つるで近くの棒などにしがみついて、立ち上ります。
e0145782_1841143.jpg

孫の食育用の栽培です。
e0145782_1843717.jpg

さて、花を観察してみましょう。表面、裏、横からの花の様子を見てみましょう。花弁が5枚ある蝶形花ですが、見たところでは花弁がどうなっているのかが判らない花ですね。
e0145782_185999.jpg

花の裏側を見ると、緑色が萼で、白いのが花弁ですね。
e0145782_1854010.jpg

花を1個いただき、分解しながら、花の構造を確認してみましょう。
豆の花は蝶形花で、5枚の花弁が、旗弁1枚、翼弁2枚、舟弁2枚で構成されています。そのうち、手前の翼弁1枚を剥がして、横から見てみました。
上に立ち上がっているのが旗弁1枚、横の奥にあるのが翼弁、中央下にある小さめのが舟弁2枚が一部合着している花弁です。舟弁の中にオシベ、メシベがあるのですが、この段階では、見えません。
e0145782_1861994.jpg

今度は、花弁を取り外して、分解して並べてみました。
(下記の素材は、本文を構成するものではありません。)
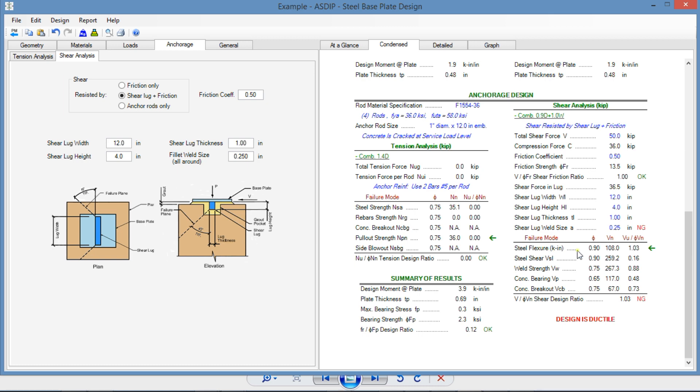Now we need to deal with steel bending. The lug thickness is 1 inch. We need to increase that in increments of a quarter inch, so let's use 1.25 inches thick. Now it's okay in bending. The controlling mode becomes breakout at 0.73, which is more than 0.66. We don't want breakout to control, so we need to avoid that. We reduce the width of the lug — instead of 12 inches, try 10 inches wide — and the ratio becomes 0.79, with flexure controlling over breakout.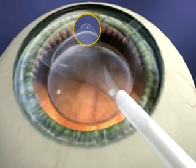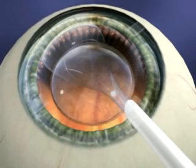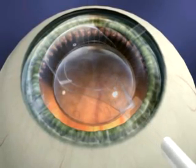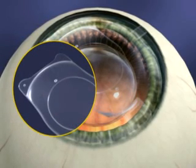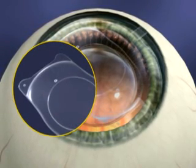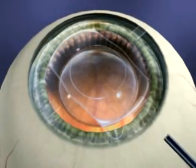Remember, as long as the ICL remains within the cartridge, you still have control of the implantation process. Be patient. If the ICL unfolds with the landmark on the left, it will be delivered upside down and will require removal, inspection and reinsertion.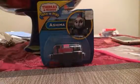Hey guys, it's me again, and I am back with Ashima once again.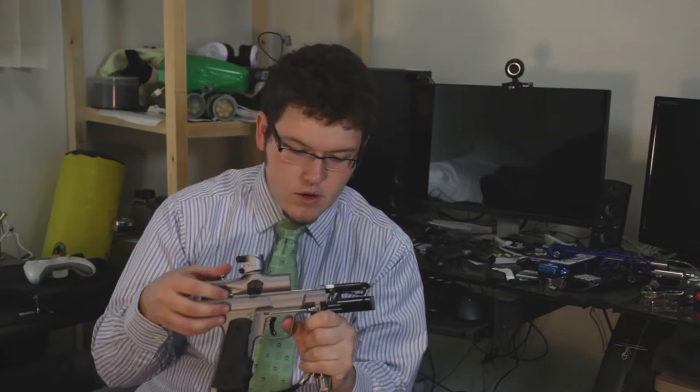Once I lifted off the grip frame it popped back into place, so I'm not quite sure what happened, but it seems to be fine now.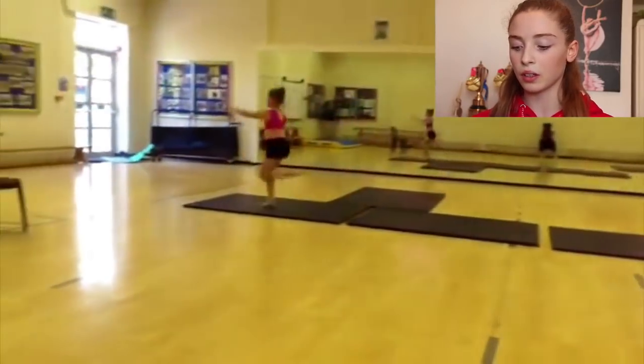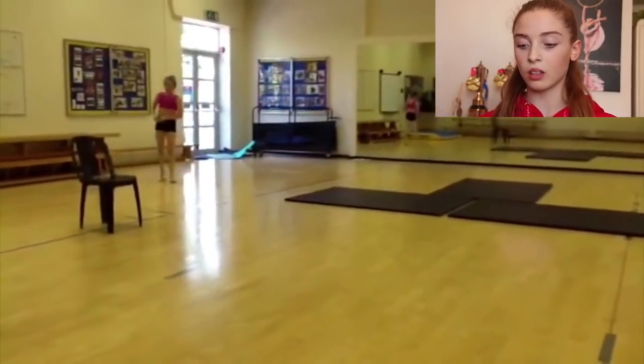It looks like I'm about to do a split leap — let's have a little look. That was nice. It wasn't high and my toes weren't great, but it was in splits, right? I was probably like 10 or 11. Jumping hasn't come naturally to me — jumping, leaping, elevation — that isn't something I'm naturally good at, so it's something I had to work really hard on.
上の大きな花弁が旗弁、左右の2枚の花弁が翼弁、下が萼筒に包まれている舟弁2枚です。
e0145782_187442.jpg

舟弁を押し下げて、オシベ・メシベを上に出してみました。
e0145782_1874470.jpg

更に、萼筒を開いて、オシベ、メシベを基部の方まで見てみました。メシベの柱頭には黄色い花粉が沢山付いています。メシベの子房は緑色で長く、これが豆のさやになることが、この段階でもわかります。
e0145782_1882879.jpg

子房の一部を苦労して、切り取ってみました。丸い粒が種子になる胚珠であることが判ります。
e0145782_1892181.jpg

ご参考に、豆の栽培の注意点を書いておきます。
1.連作に弱い代表的な作物ですので、同じ場所には5~6年作らないようにする注意が必要です。
2.エンドウは酸性土壌が苦手と言われ、種まきの1週間くらい前に、苦土石灰をまいて耕しています。
3.秋まきは種まきが早すぎると、大きくなりすぎて冬に冷害を受けやすくなるので、これも注意したいものです。